TASK BRIEF ▸
Output only the lines below from the one holding "Festiva Elegante Boda" down to the one holding "PREORDER - Cat", both end lines included and every picture dropped.

INPUT FOR THIS TASK ▸
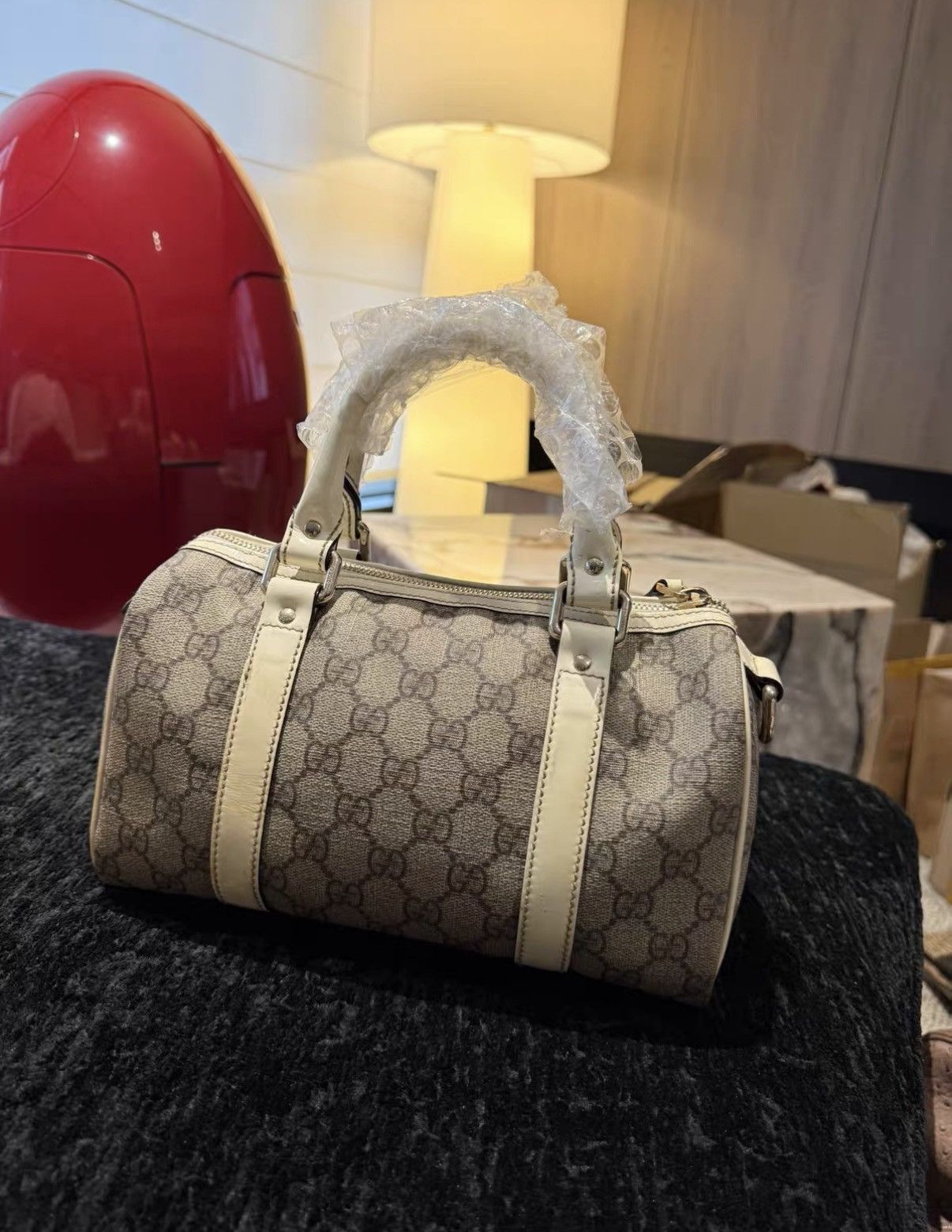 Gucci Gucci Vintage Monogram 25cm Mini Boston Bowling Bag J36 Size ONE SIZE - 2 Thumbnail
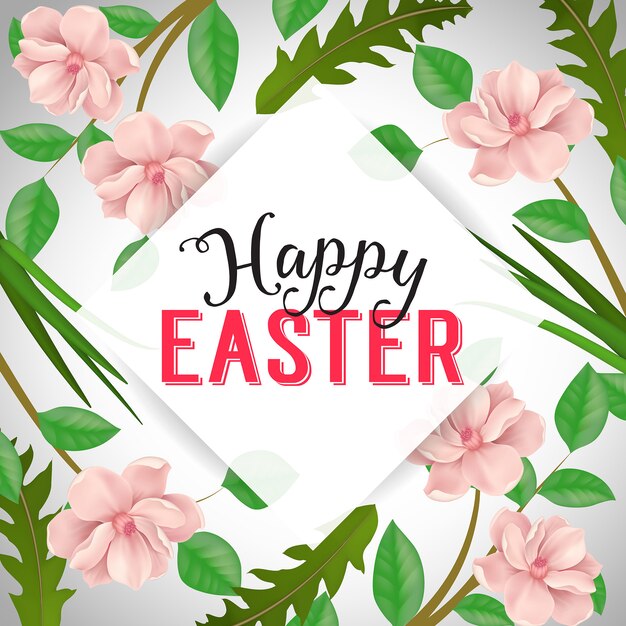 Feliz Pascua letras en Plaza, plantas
* * *
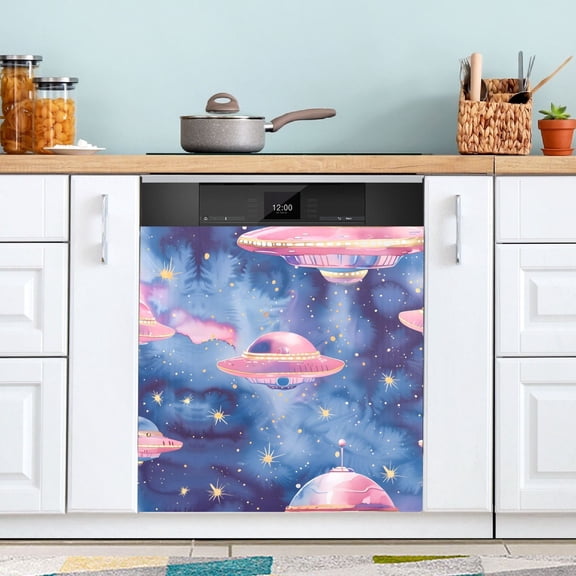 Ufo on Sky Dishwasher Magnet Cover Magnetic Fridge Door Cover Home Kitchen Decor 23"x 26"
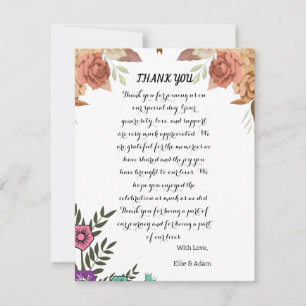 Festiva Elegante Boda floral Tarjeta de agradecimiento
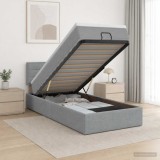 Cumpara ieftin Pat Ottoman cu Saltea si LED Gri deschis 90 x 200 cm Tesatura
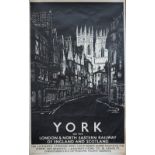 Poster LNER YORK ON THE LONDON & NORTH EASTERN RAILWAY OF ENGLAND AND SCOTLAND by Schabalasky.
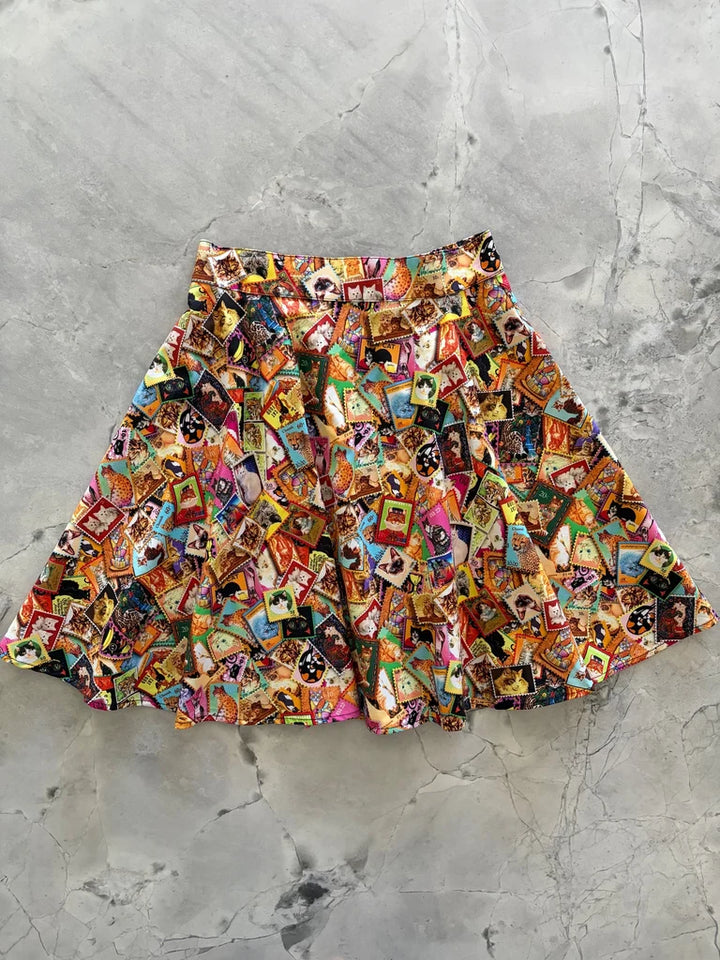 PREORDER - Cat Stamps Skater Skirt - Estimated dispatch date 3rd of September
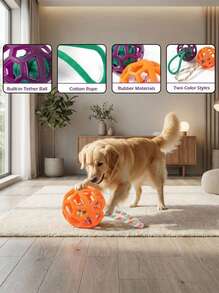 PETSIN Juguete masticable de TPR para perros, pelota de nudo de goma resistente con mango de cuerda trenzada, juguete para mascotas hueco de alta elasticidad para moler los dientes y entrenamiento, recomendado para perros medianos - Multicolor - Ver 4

YOUR SOLUTION ▸
 Festiva Elegante Boda floral Tarjeta de agradecimiento
 Cumpara ieftin Pat Ottoman cu Saltea si LED Gri deschis 90 x 200 cm Tesatura
 Poster LNER YORK ON THE LONDON & NORTH EASTERN RAILWAY OF ENGLAND AND SCOTLAND by Schabalasky.
 PREORDER - Cat Stamps Skater Skirt - Estimated dispatch date 3rd of September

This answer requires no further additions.